What makes Williams’s analysis so compelling is her attention to the multivocality of this narrative and her care not to reduce all to the monolithic operation of a singular colonial “gaze.” Government agents, missionaries, anthropologists, commercial photographers, and indigenous men and women were all actively, if asymmetrically, involved in the production and consumption of photographic images as well as the ongoing process of constructing their meaning. Ultimately, Williams acknowledges that photography “served the goals, interests, and aspirations of those … who held power” in the colonial context of the Pacific Northwest (31), but she attends carefully to the diverse individuals and groups who competed for this power. The resulting analysis avoids constructing strawmen and offers a truly multidimensional picture of photographic practice at a particular time and place.
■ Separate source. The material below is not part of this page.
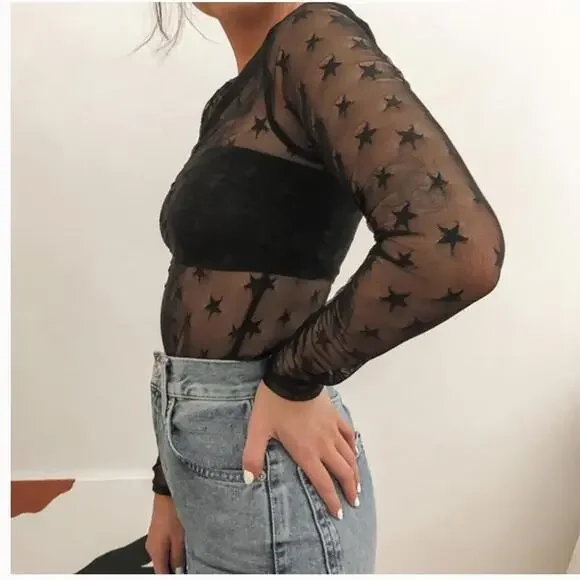 Zara Long Sleeve Stars Overlay Mesh Shirt - Picture 2 of 6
Discussion of the conflicting agendas of missionaries and anthropologists, for example, sheds light on the seemingly paradoxical representations of Native Americans as both successfully assimilating and tragically “vanishing” in the face of Euro-American expansion. Similarly, Williams notes the individual stamp of commercial photographers, whose portfolios comprise so much of the photographic archive, while continually locating their influence and intentions within a power-laden field shaped not only by hierarchies of race but also by those of gender and class. Throughout, she emphasizes that photography was never merely a reflective expression of colonial relations but, rather, a constitutive medium through which the aspirations and anxieties characterizing such relations were mediated. 

It is Williams’s attention to the complex intersections of race, gender, and class shaping the photographic frontier that allows her to reread photographs against convention, unsettling assumptions regarding Native American women’s reasons for religious conversion, disrupting narrowly mas-culinist narratives of settlement, and perhaps most important, recognizing indigenous peoples as active subjects, not passive objects, in photographic encounters. In offering such a rereading, Williams precisely demonstrates her point that the meaning of photographs is best understood as an ongoing and contested process rather than as a fixed or finished product. This is not to suggest a process in which “anything goes” – far from it. Indeed, the irony Williams uncovers is that it was precisely the coding of certain visual conventions as representing Euro-American progress, respectability, and entitlement that made them such potent symbolic resources for appropriation and redeployment by groups and individuals marginalized by their race, gender, and/or class. Williams balances the important recognition of the existence of such strategies of resistance and appropriation with an understanding that their success was by no means guaranteed, and with an examination of the socio-historical conditions within which they variably played out. 

It is the book’s final chapter, which examines indigenous uses of photography within both historical and contemporary contexts, that perhaps provides Williams’s most unique contribution to the scholarship on colonial photography. That Native Americans not only appeared in photographs but also participated, with varying degrees of agency and empowerment, in their production and consumption is a dimension of the photographic frontier too easily and frequently obscured from view. By examining the culturally specific and often innovative uses and interpretations of photography by different indigenous groups and individuals over time, Williams begins filling in this “side” of the picture and pointing the way for future research. 

As implied by the active verb of the book’s title, framing the West is a dynamic process in which photographs have played, and continue to play, a pivotal role. It is also a process in which contemporary analysts are inevitably imbricated when they re-present and reread historical photographs. Williams’s own arguments and analyses are thus part of the very processes she examines; her book reframes the West by denaturalizing and disrupting the assumptions embedded in its conventional framings. The point is not to proclaim a final or definitive interpretation of photographic images but, rather, to recognize, as Williams does so effectively, their place in ongoing efforts to picture the past and to imagine possible futures.